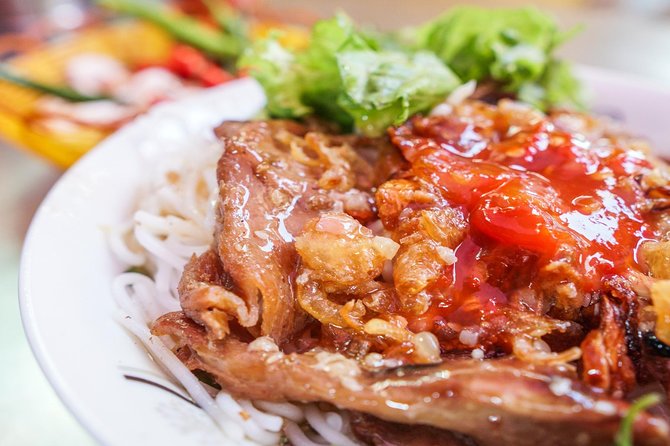 DaNang Night Foodie Tour-Sighseeing with Aodai Lady Rider Private - Quick hits before you go
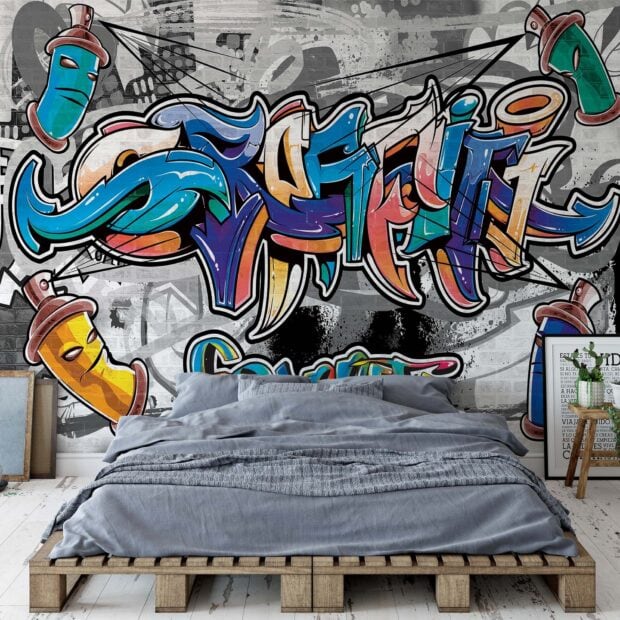 Colorful street art graffiti with spray cans on urban wall behind bed
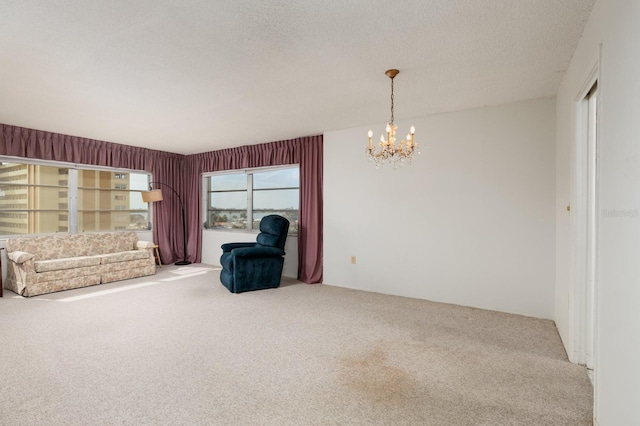 living area with a textured ceiling, carpet flooring, and a chandelier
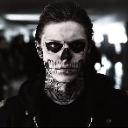 Tate Langdon wearing skull face paint stares intensely at the camera.
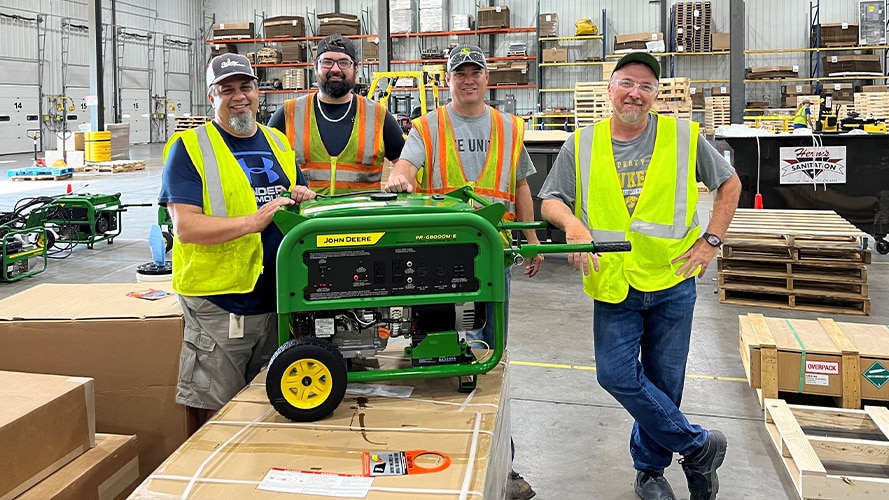 Four volunteers gather to show a John Deere engine powering a sump pump to help with flooding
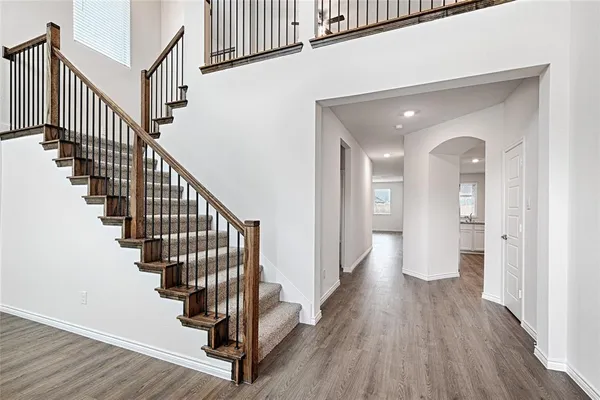 a view of a hallway with wooden floor and stairs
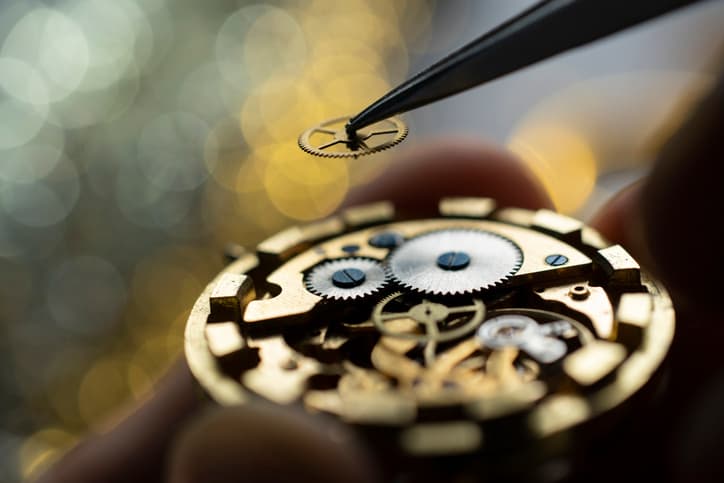 Pocket watch being repaired by senior watch maker, close-up. Black and white.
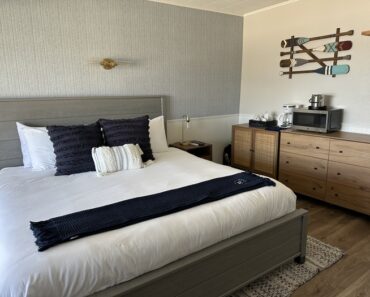 A bed in a hotel room beside a dresser.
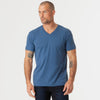 Man wearing Stone Blue V-Neck Tee and dark jeans.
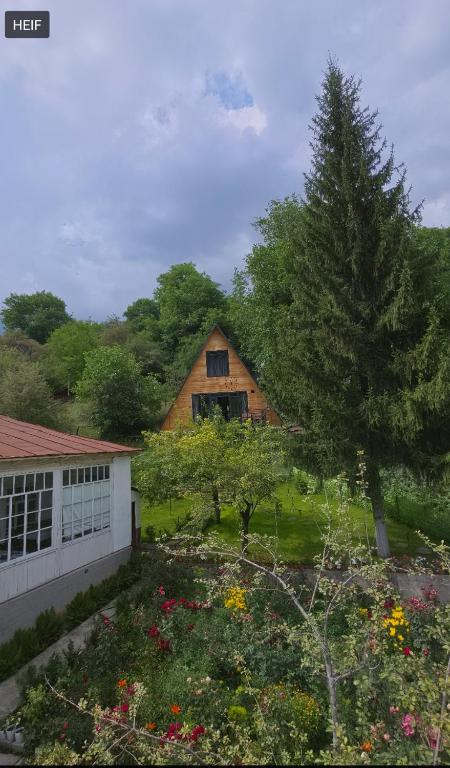 a wooden house with a yard with flowers at Riverside Guest house Mashkhur in Arslanbob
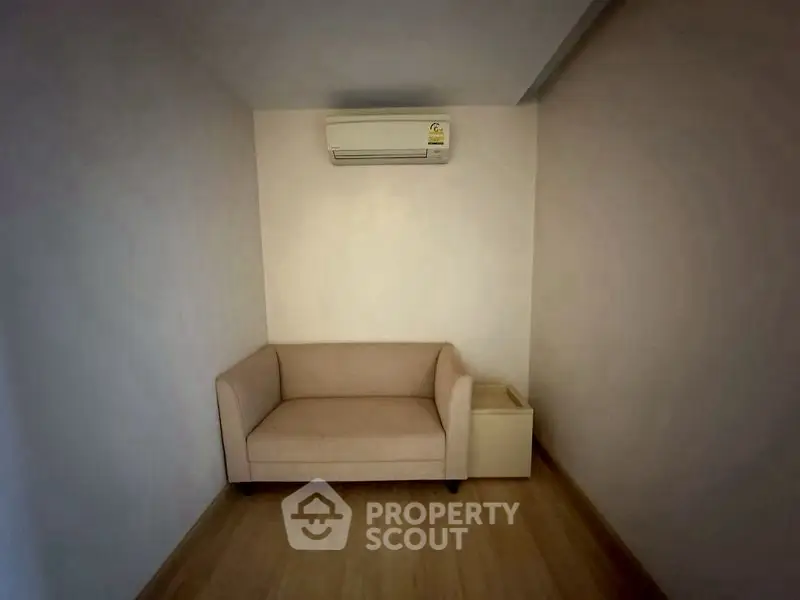 Cozy small living area with beige sofa and air conditioning unit, perfect for compact spaces.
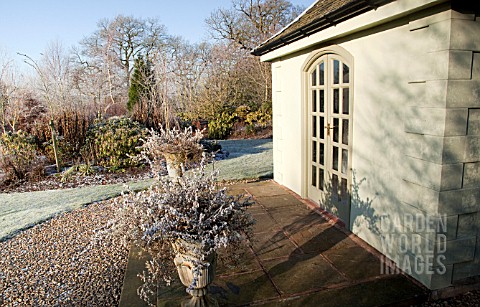 BORDERS_OF_MATURE_TREES_AND_SHRUBS_SUMMERHOUSE_IN_WINTER_SUNSHINE_AT_WILKINS_PLECK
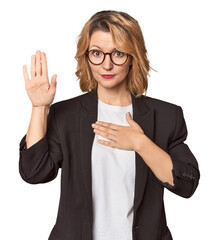 Caucasian woman in black business suit taking an oath, putting hand on chest.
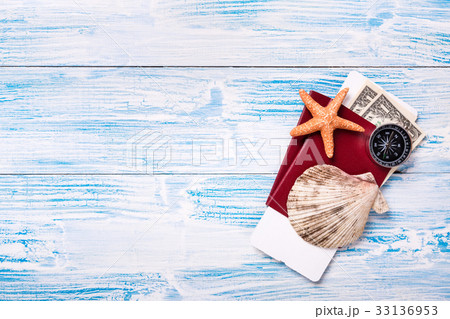Travel objects on blue wooden background Travel objects on blue wooden background 33136953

- Exercise
An exact copy is needed. It runs from the line above containing "Colorful street art" down to the line containing "Pocket watch being", both included, with no pictures.

- Task solution
 Colorful street art graffiti with spray cans on urban wall behind bed
 living area with a textured ceiling, carpet flooring, and a chandelier
 Tate Langdon wearing skull face paint stares intensely at the camera.
 Four volunteers gather to show a John Deere engine powering a sump pump to help with flooding
 a view of a hallway with wooden floor and stairs
 Pocket watch being repaired by senior watch maker, close-up. Black and white.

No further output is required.